Reputation: 9
Here is my problem. I got this
{'Ciaran Johnson': {'PB': 58.2,
'Gender': 'M',
'Age': 6,
'Event': 'IM',
'Name': 'Ciaran Johnson'},
'Joan Pine': {'PB': 44.0,
'Gender': 'F',
'Age': 6,
'Event': 'FS',
'Name': 'Joan Pine'},
'Eric Idle': {'PB': 57.2,
'Gender': 'M',
'Age': 6,
'Event': 'IM',
'Name': 'Eric Idle'},
'Kirsty Laing': {'PB': 58.2,
'Gender': 'F',
'Age': 6,
'Event': 'IM',
'Name': 'Kirsty Laing'}}
and I have to sort it firsty by gender,then event and lastle time(PB -the fastest to be first)
Upvotes: 0
Views: 457
Reputation: 500227
I have this [
dict
] and I have to sort it...
You cannot sort a dict
, since standard dictionaries are unordered.
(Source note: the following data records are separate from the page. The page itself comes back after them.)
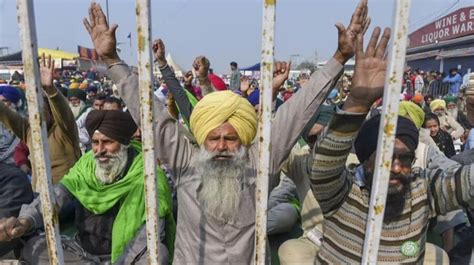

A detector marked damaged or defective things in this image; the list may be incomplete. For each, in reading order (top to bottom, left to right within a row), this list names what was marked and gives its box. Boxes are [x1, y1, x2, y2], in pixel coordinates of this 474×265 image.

rusty metal bar [15, 0, 64, 264]
rusty metal bar [135, 0, 161, 262]
rusty metal bar [254, 0, 276, 262]
rusty metal bar [362, 0, 412, 262] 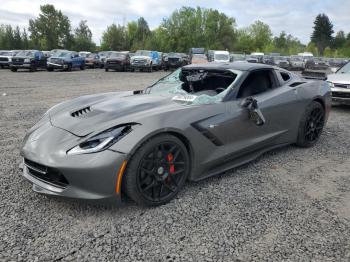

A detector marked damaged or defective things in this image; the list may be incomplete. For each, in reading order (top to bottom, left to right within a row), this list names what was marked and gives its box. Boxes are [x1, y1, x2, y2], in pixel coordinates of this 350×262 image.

damaged corvette [21, 62, 330, 206]
shattered windshield [144, 68, 241, 105] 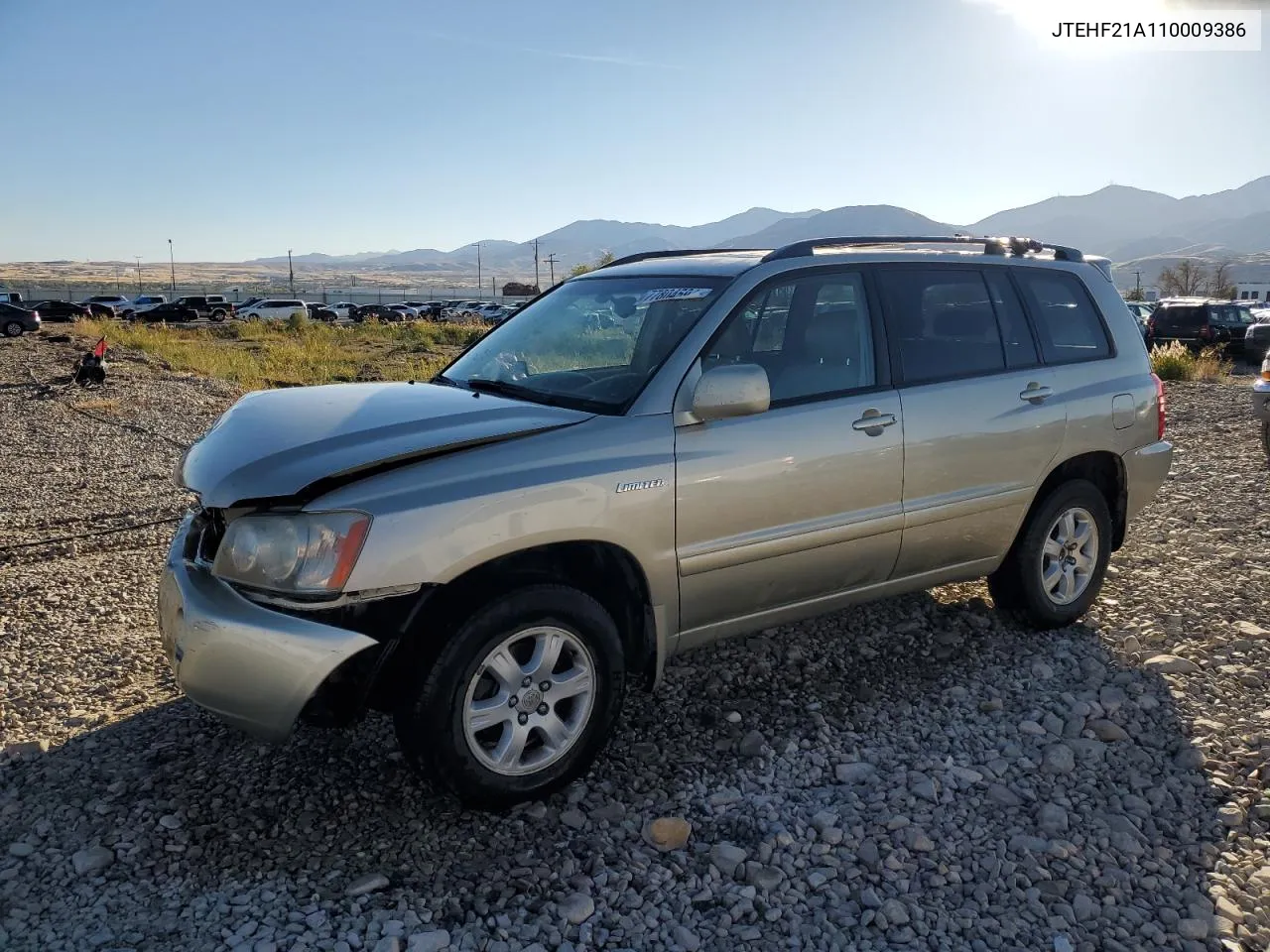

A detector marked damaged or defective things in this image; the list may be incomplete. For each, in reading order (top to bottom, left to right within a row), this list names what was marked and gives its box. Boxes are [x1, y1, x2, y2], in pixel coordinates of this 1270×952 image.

dented hood [182, 383, 591, 510]
damaged front bumper [157, 515, 378, 746] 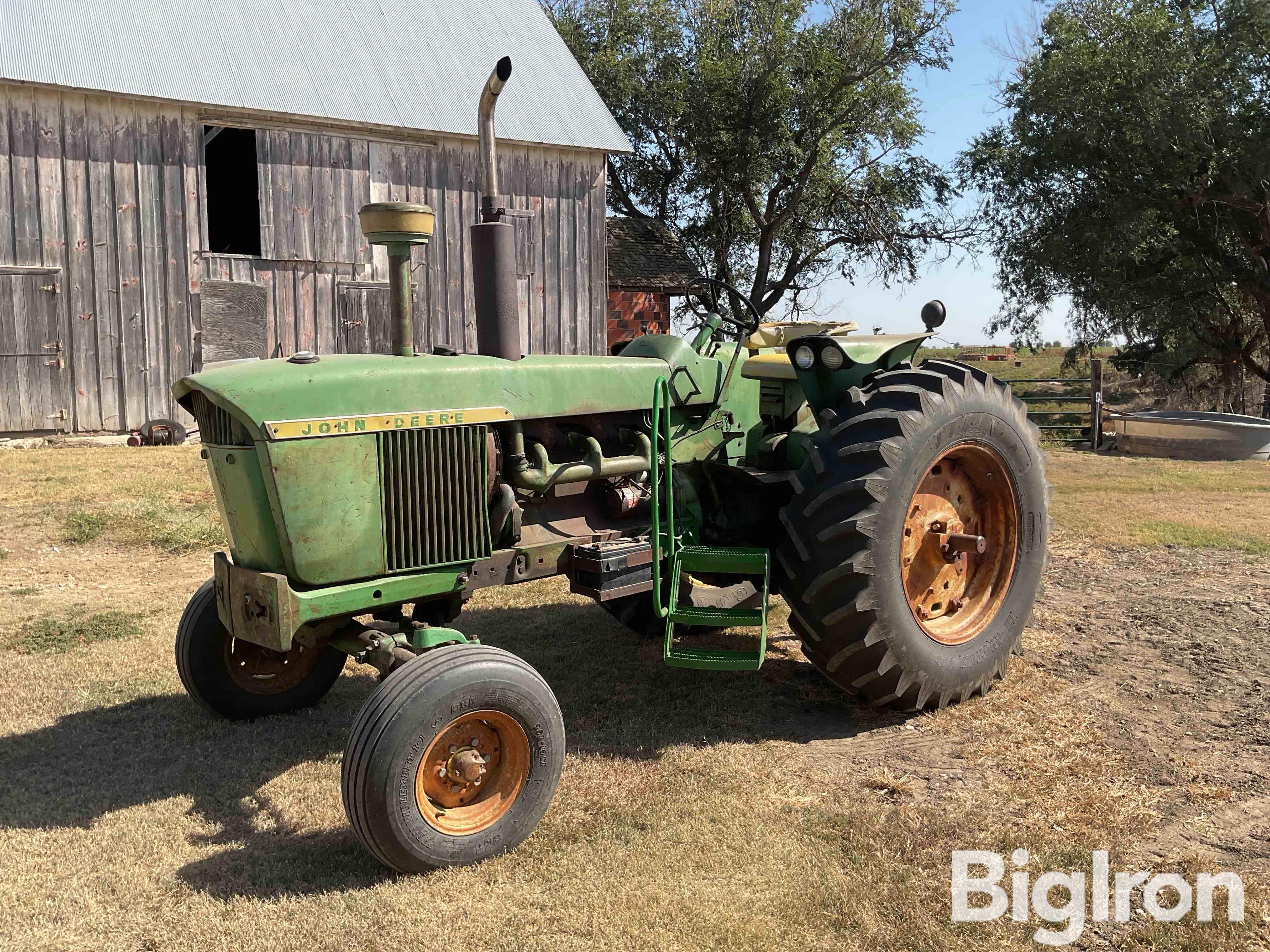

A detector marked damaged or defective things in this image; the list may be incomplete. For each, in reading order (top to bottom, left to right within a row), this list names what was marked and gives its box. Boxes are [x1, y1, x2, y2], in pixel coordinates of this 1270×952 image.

You can, however, use an OrderedDict
:
In [2]: from collections import OrderedDict
In [3]: sd = OrderedDict(sorted(d.items(), key=lambda (k,v): (v['Gender'], v['Event'], v['PB'])))
In [4]: sd
Out[4]: OrderedDict([('Joan Pine', {'PB': 44.0, 'Gender': 'F', 'Age': 6, 'Event': 'FS', 'Name': 'Joan Pine'}), ('Kirsty Laing', {'PB': 58.2, 'Gender': 'F', 'Age': 6, 'Event': 'IM', 'Name': 'Kirsty Laing'}), ('Eric Idle', {'PB': 57.2, 'Gender': 'M', 'Age': 6, 'Event': 'IM', 'Name': 'Eric Idle'}), ('Ciaran Johnson', {'PB': 58.2, 'Gender': 'M', 'Age': 6, 'Event': 'IM', 'Name': 'Ciaran Johnson'})])
Upvotes: 3
Reputation: 63707
Try this
>>> for k,v in sorted(spam.items(),key=lambda k:(k[1]['Gender'],k[1]['Age'],k[1]['PB'])):
print(k,v)
Joan Pine {'PB': 44.0, 'Gender': 'F', 'Age': 6, 'Event': 'FS', 'Name': 'Joan Pine'}
Kirsty Laing {'PB': 58.2, 'Gender': 'F', 'Age': 6, 'Event': 'IM', 'Name': 'Kirsty Laing'}
Eric Idle {'PB': 57.2, 'Gender': 'M', 'Age': 6, 'Event': 'IM', 'Name': 'Eric Idle'}
Ciaran Johnson {'PB': 58.2, 'Gender': 'M', 'Age': 6, 'Event': 'IM', 'Name': 'Ciaran Johnson'}
>>>
Upvotes: 0
Reputation: 41633
You can't sort a dictionary in Python, they are inherently unordered.
You can sort the keys() though, which creates a list, and then use that list to access the elements in a fake ordered way.